START Provided data
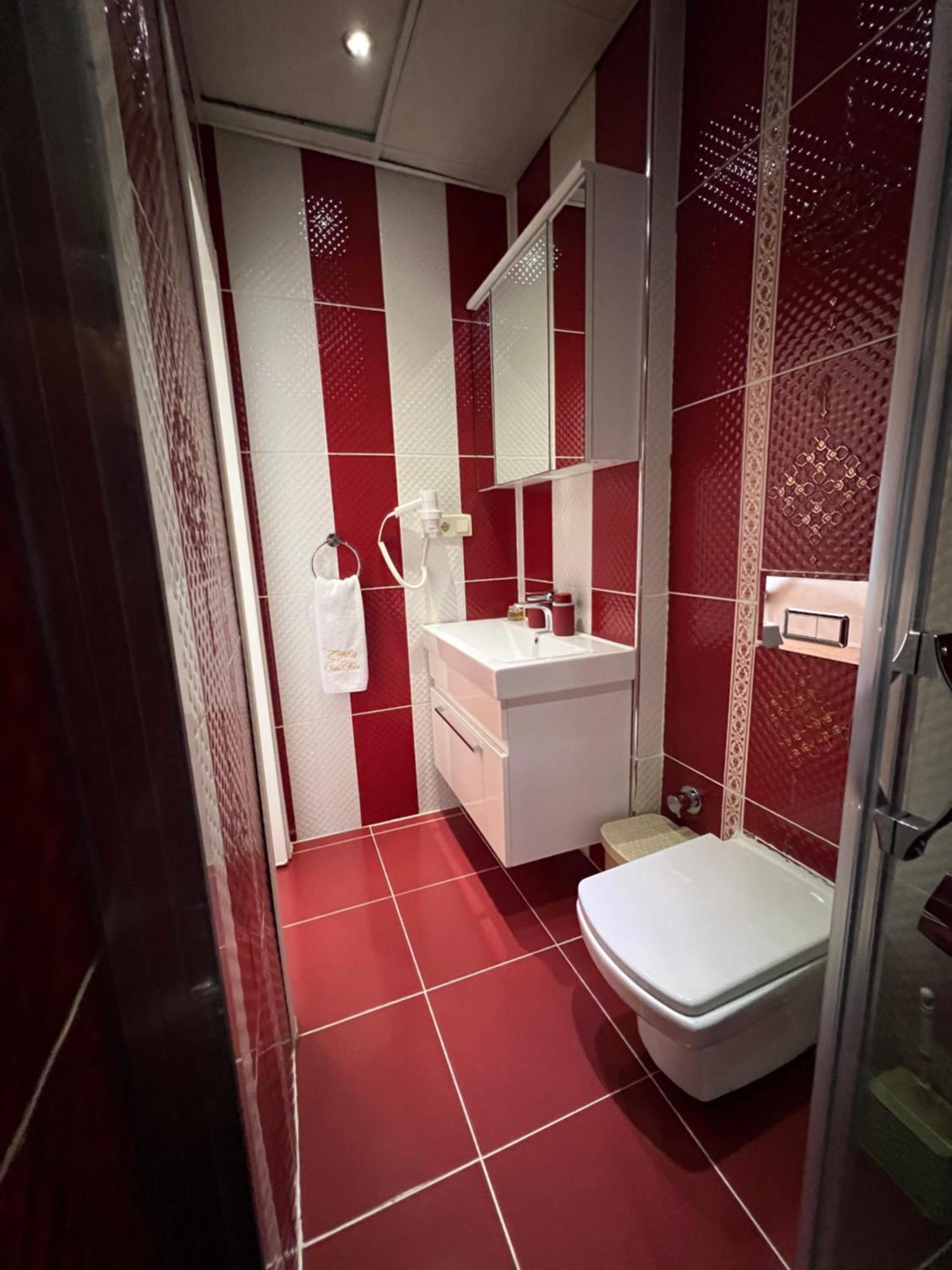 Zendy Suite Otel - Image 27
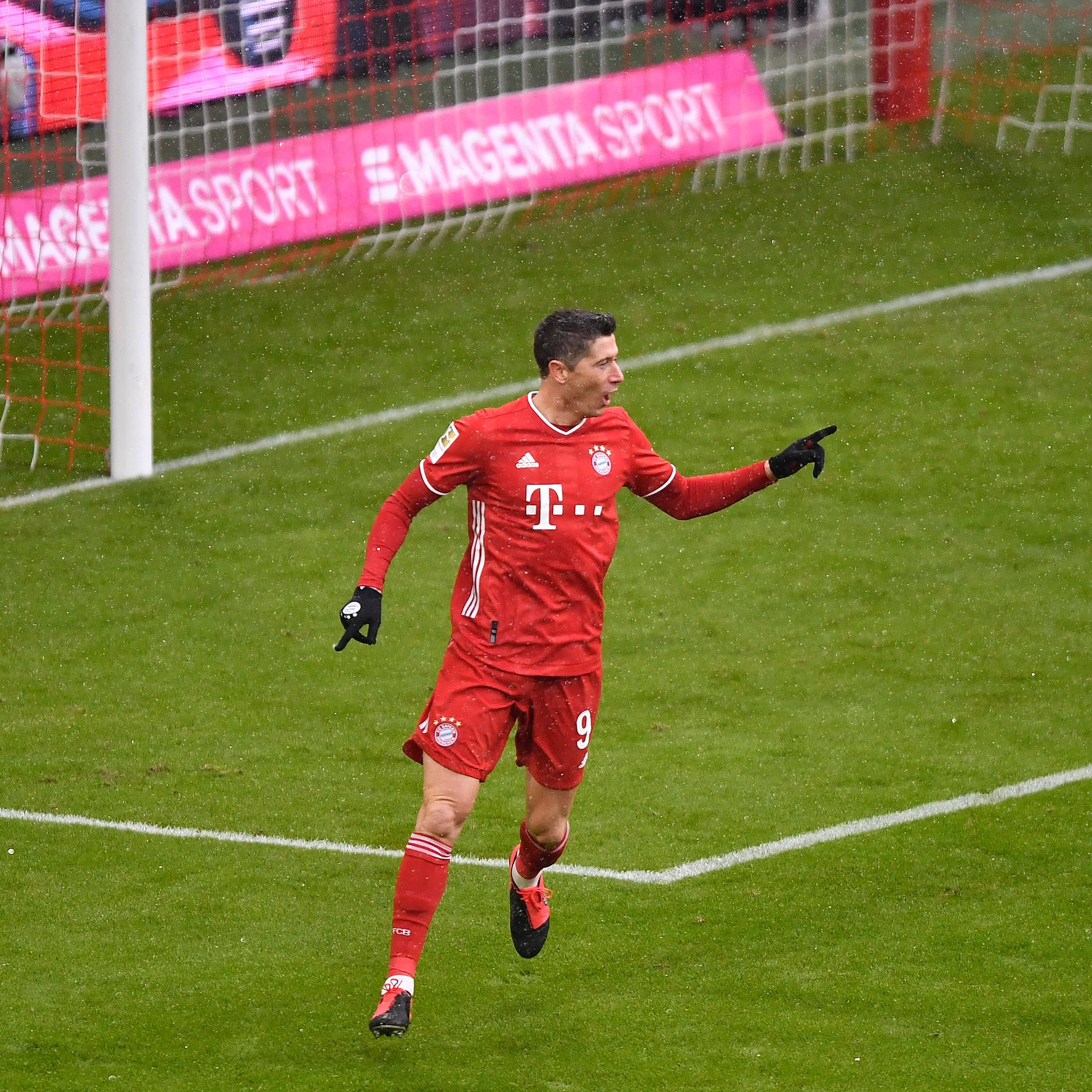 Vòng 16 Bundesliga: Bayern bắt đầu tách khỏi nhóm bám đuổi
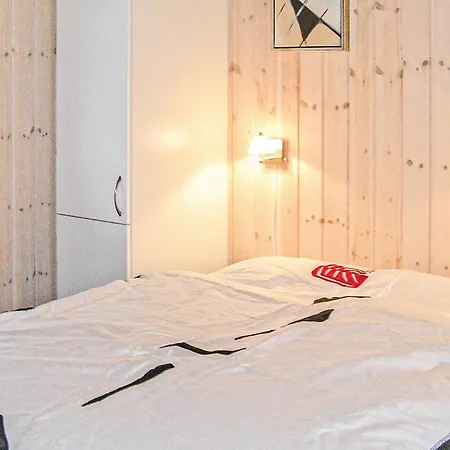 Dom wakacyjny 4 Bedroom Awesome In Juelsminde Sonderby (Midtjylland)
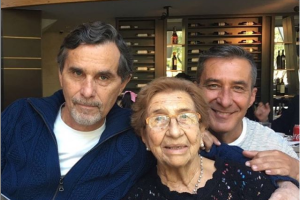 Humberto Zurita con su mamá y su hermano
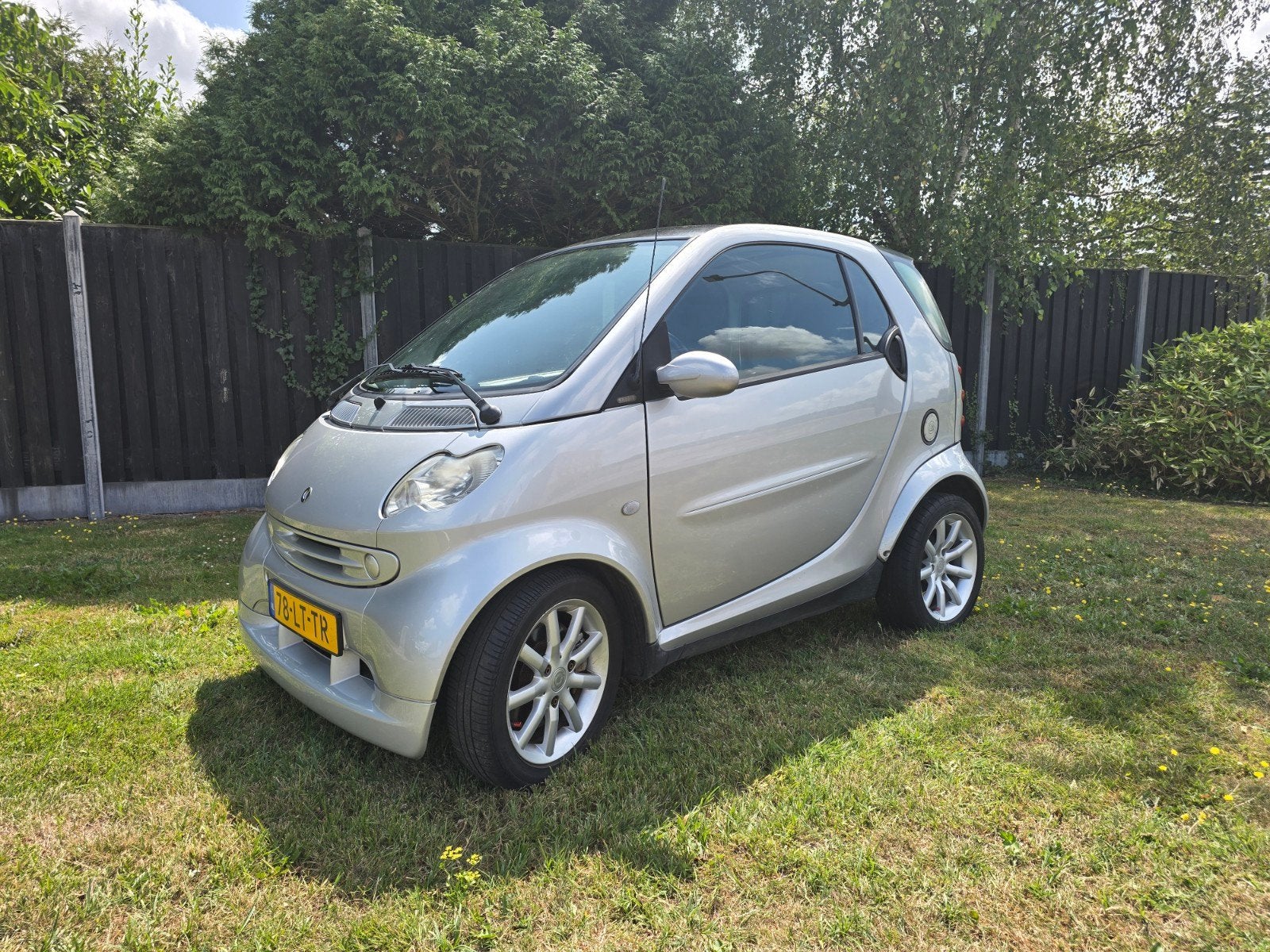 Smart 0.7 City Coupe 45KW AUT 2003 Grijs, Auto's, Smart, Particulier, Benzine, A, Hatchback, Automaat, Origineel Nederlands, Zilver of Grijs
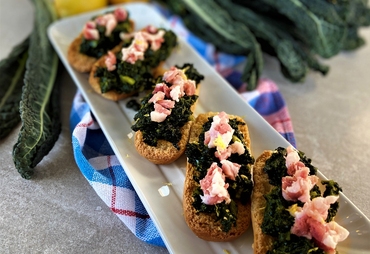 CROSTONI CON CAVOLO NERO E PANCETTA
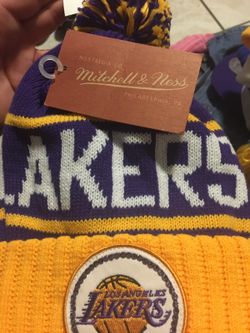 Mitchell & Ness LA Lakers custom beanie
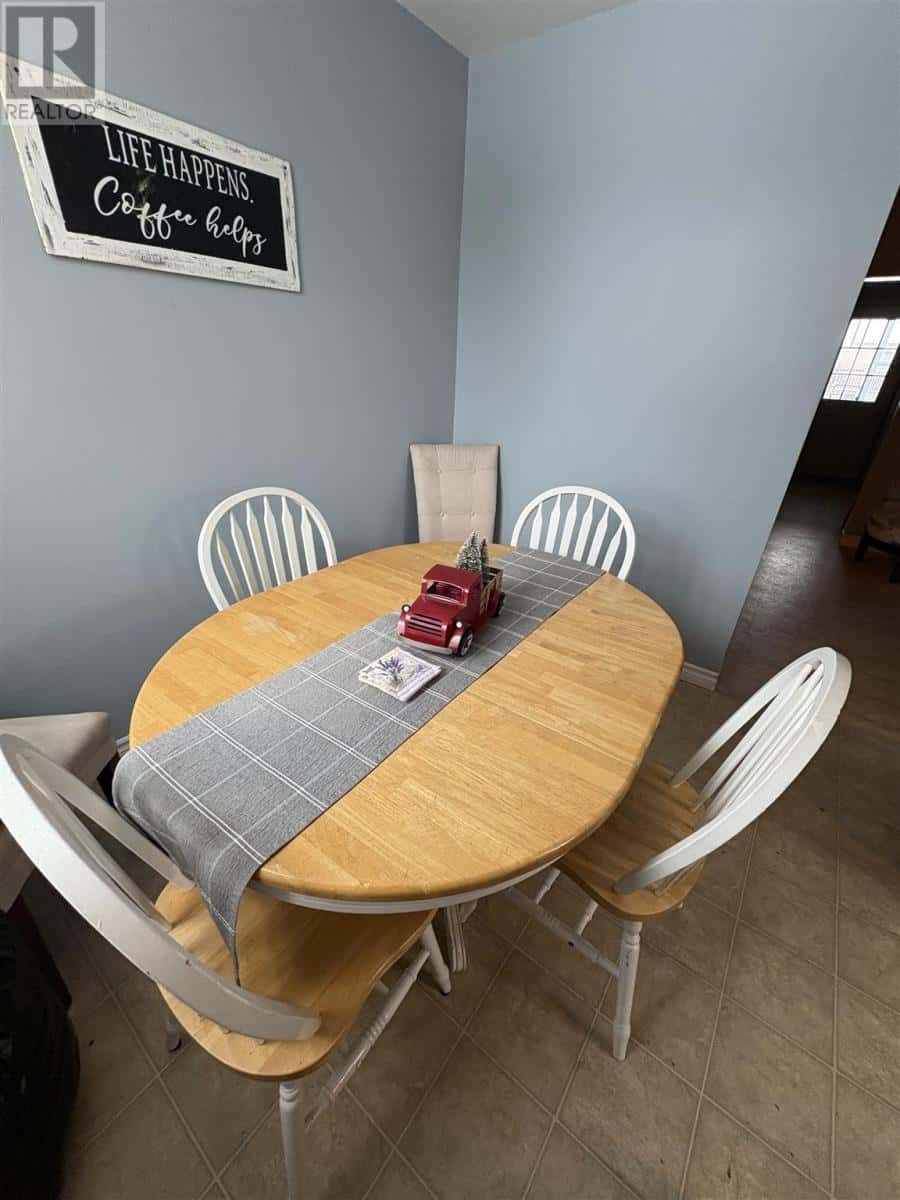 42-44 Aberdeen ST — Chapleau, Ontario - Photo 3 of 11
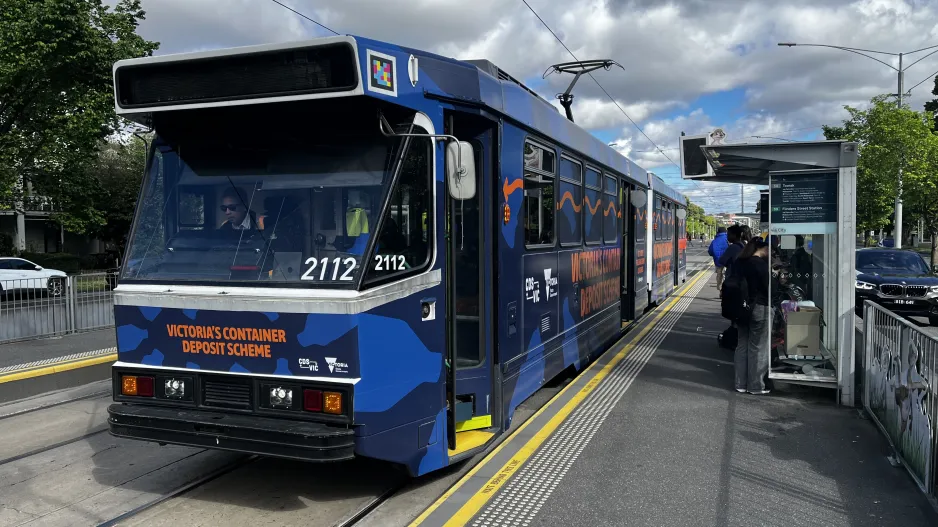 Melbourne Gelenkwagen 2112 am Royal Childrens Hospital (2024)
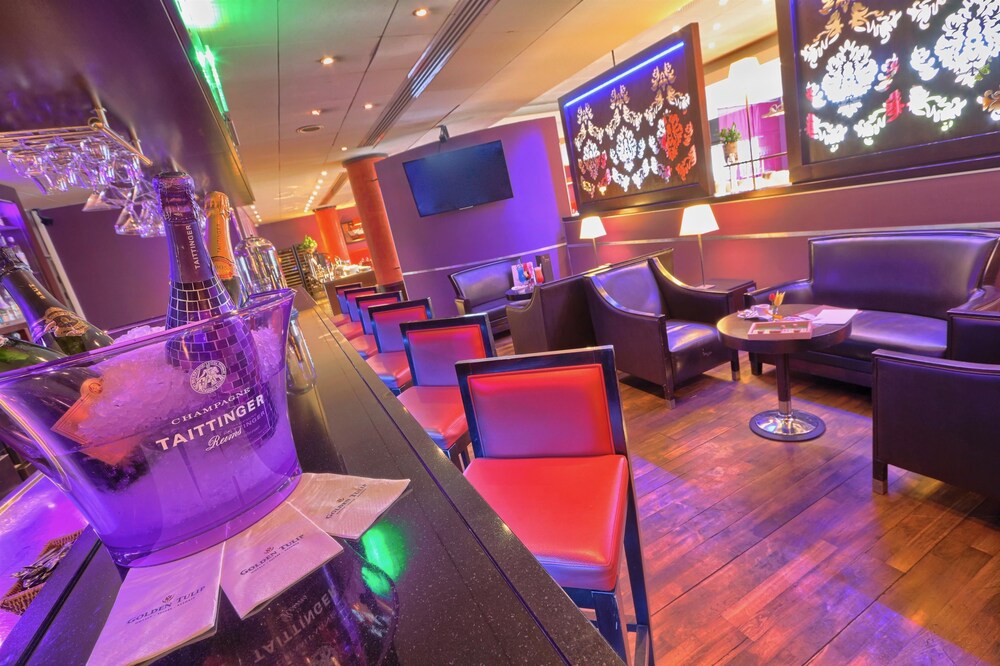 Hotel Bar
END Provided data
_Your task:_
Could you please write out exactly the lines from the start of the entries above through the line that holds "Humberto Zurita con su mamá y su hermano", both included, with no pictures?

_Answer section:_
 Zendy Suite Otel - Image 27
 Vòng 16 Bundesliga: Bayern bắt đầu tách khỏi nhóm bám đuổi
 Dom wakacyjny 4 Bedroom Awesome In Juelsminde Sonderby (Midtjylland)
 Humberto Zurita con su mamá y su hermano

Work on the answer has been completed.